A typical single-wall carbon nanotube.
Technological advancements in the oil industry are often incremental improvements based on existing technologies. The refining industry, in particular, is mature from a technological standpoint.
For example, new refining catalysts almost always evolve from existing catalyst configurations, and the infrastructure is already in place to bring these new catalysts to the marketplace.
It is a rare opportunity, therefore, to find a technology in its infancy and watch it develop. Nanotechnology, or the nanotube (see photo) in particular, is one such revolutionary technology that holds great promise. Most people know nanotechnology as "buckyballs" or "fullerenes."
Individual nanotubes have several interesting and unique properties. The tiny structures are about one billionth of a meter in diameter, or about 1/50,000th the width of a human hair.
They are reportedly the strongest substance that will ever exist, with a tensile strength 100 times greater than steel, but at only one-sixth the weight. Nanotubes also have the electrical conductivity of copper and the thermal conductivity of diamond.

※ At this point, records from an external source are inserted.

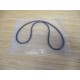 Kadant RK-9750PTX Repair Kit RK9750PTX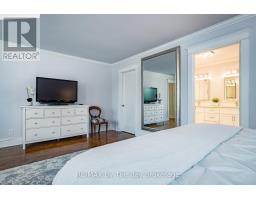 9 PURPLE HILL LANE - 28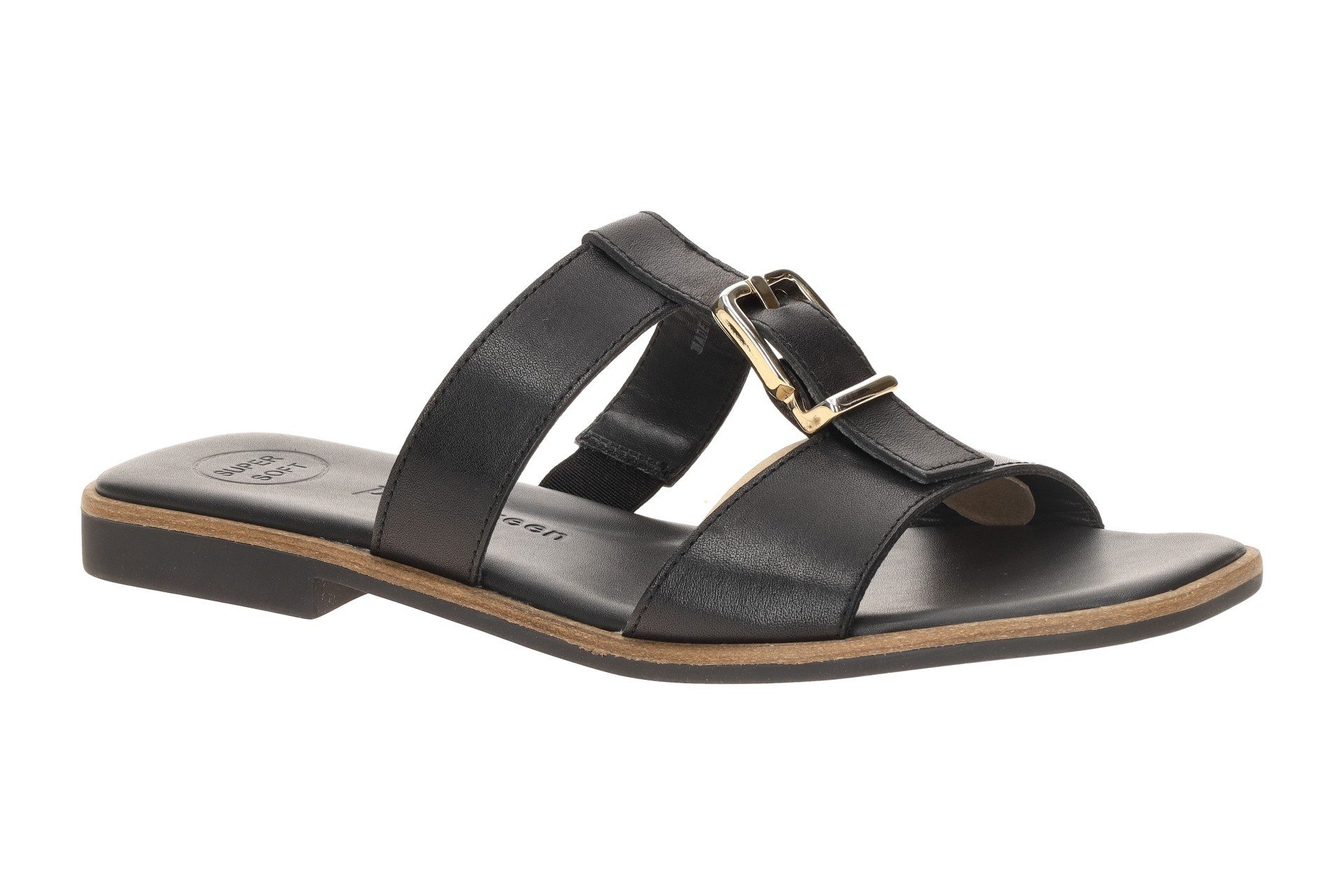 Paul Green 6188-009 Pantolette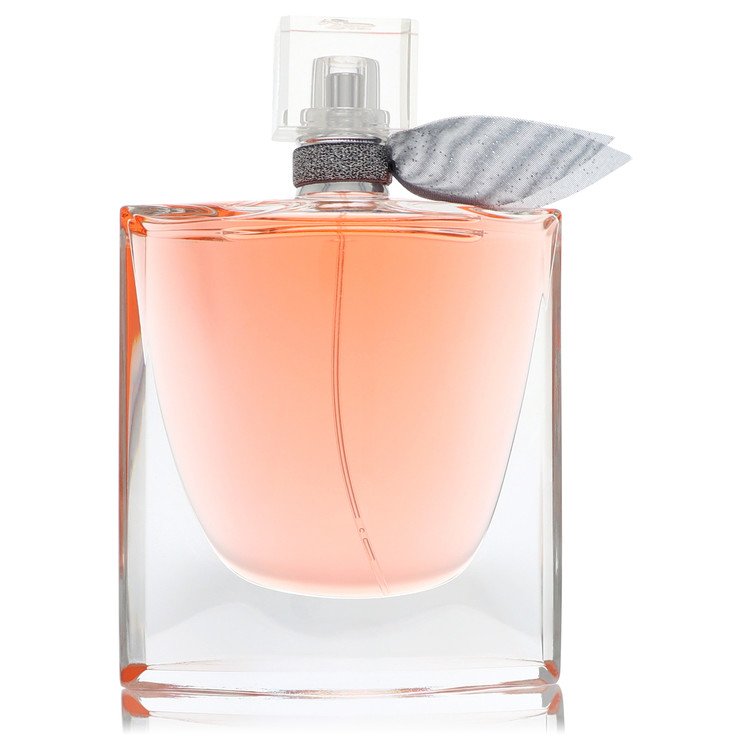 La Vie Est Belle Eau De Parfum Spray (Tester) By Lancome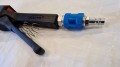 Inflator od workiysm.pl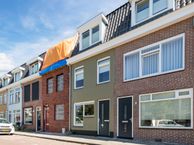 Assendelverstraat 11, 2013 SH Haarlem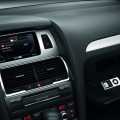 Audi Q7 facelift - Foto 63 din 90
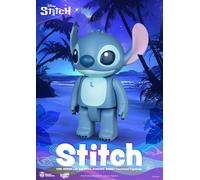 109949 LILO Y STITCH SYAKING-BANG BANK
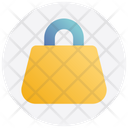 پیش‌نمایش فایل shopping-bag-1886029 از پک جمعه سیاه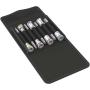 Wera 8740 B HF 1 Socket set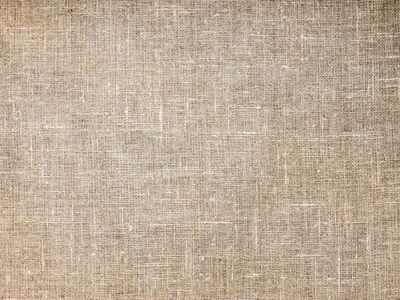 textile, desktop backgrounds, jute, brown, fabric, 4k wallpaper, wallpaper 4k, hd wallpaper, mac wallpaper, 4k wallpaper 1920x1080, texture, pattern, free background, background, wallpaper hd, windows wallpaper, thread, cool backgrounds, free wallpaper, material, beautiful wallpaper, brown background, brown texture, laptop wallpaper, full hd wallpaper, brown pattern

Technology commercialization
A company called Carbon Nanotechnologies Inc. (CNI) is at the forefront of the nanotechnology wave. Richard Smalley and Robert Curl, both Rice University professors, won the 1996 Nobel Prize for Chemistry for discovering buckyballs. Smalley co-founded CNI to help commercialize single-wall carbon nanotubes (buckytubes) and make enough of them to be used in industrial applications.
CNI has developed HiPco, a high-pressure process that uses carbon monoxide as the feedstock to create high-purity buckytubes. Currently, CNI makes about 40 g/day (g/d) of buckytubes it sells to companies that want to develop this technology in specific industries.
CNI and the oil industry
On Sept. 27, CNI announced it had signed an agreement with Kellogg Brown & Root (KBR) to advance the buckytubes technology farther. KBR will provide the conceptual and detailed design, fabrication, construction, and operation support. CNI also has leased lab space at KBR's technology center in Houston to build a larger manufacturing reactor, which will produce 200 g/d of the buckytubes.

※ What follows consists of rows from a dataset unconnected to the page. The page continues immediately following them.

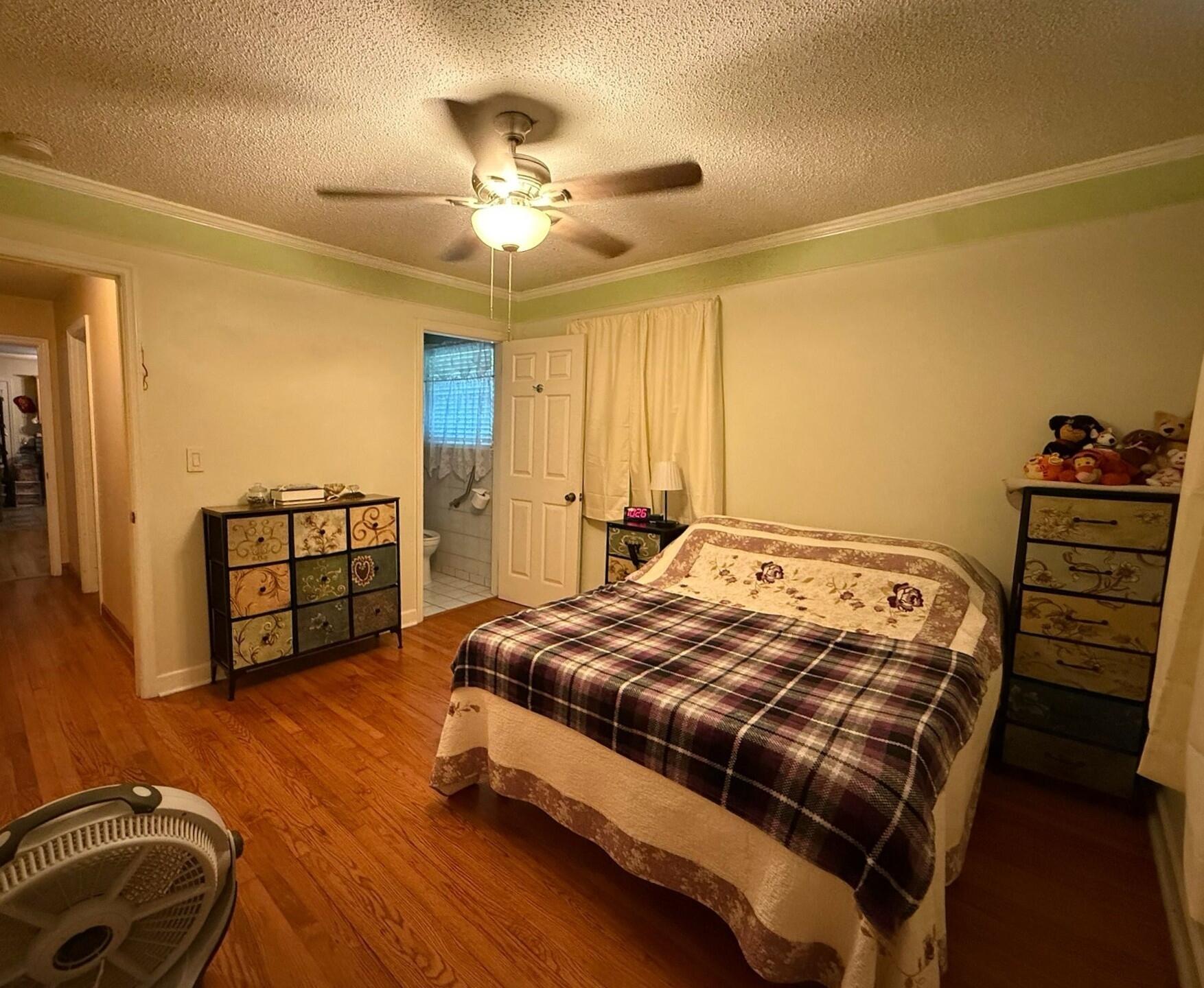 228 Steele Road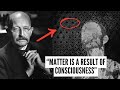Planck's Insights on Consciousness and Physics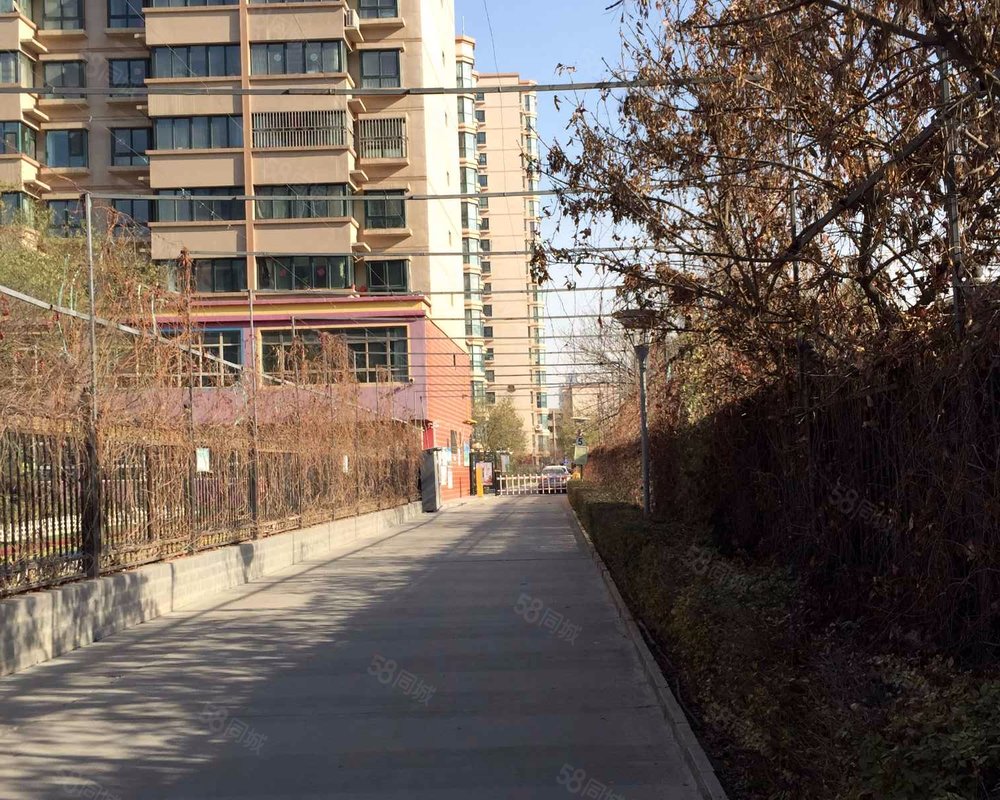 【兴隆金河苑, 兴隆金河苑小区详情,房价走势,房源,业主论坛】- 兰州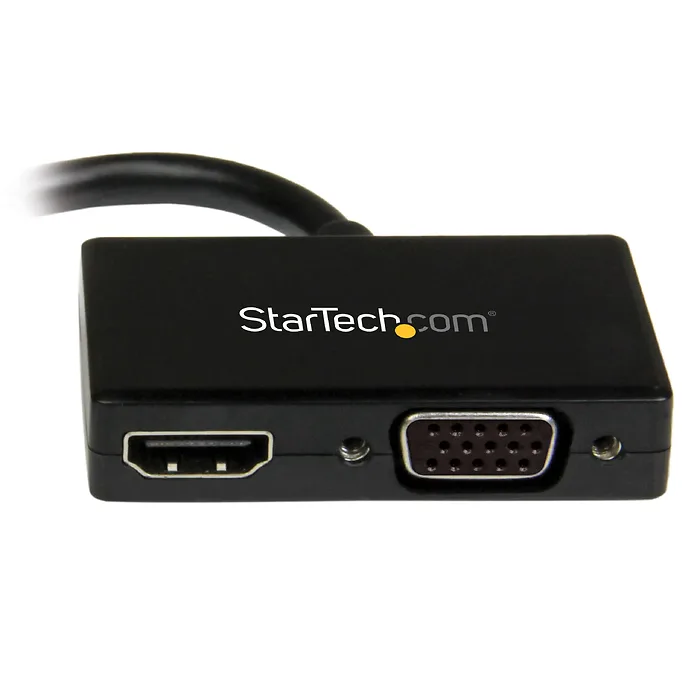 STARTECH-MDP2HDVGA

The reactor will go on stream in early 2002. CNI hopes that the new unit will lower the cost of nanotubes, currently about $500/g. Lowering the price would help increase demand and spur more interest by companies looking to use buckytubes in unique applications.

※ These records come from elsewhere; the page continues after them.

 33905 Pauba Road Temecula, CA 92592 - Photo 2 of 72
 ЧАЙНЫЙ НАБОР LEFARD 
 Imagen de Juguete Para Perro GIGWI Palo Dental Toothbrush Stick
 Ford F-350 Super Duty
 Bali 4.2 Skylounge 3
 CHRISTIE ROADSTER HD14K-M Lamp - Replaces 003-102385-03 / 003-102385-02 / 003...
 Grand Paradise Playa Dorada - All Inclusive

Folks in the refining industry are familiar with KBR through its previous work developing process technologies, including advancements in ethylene cracking, fluid catalytic cracking, de- layed coking, visbreaking, and ammonia production.
Buckytubes and the future
CNI sees the most promising applications in the electronics, aerospace, and composite materials industries. And although there are not many projected applications in the oil and gas industry, new technologies always seem to gain applications in previously unthought-of ways.
When personal computers first came out, for example, everyone thought they would be a fad and wouldn't be able to replace mainframes. But as the technology developed, PCs became a multibillion dollar industry, and one that spawned further innovations in process controls.
So, who knows what could be in store for buckytubes? Indeed, it will be very interesting to watch this new technology as it finds its niche in different industries.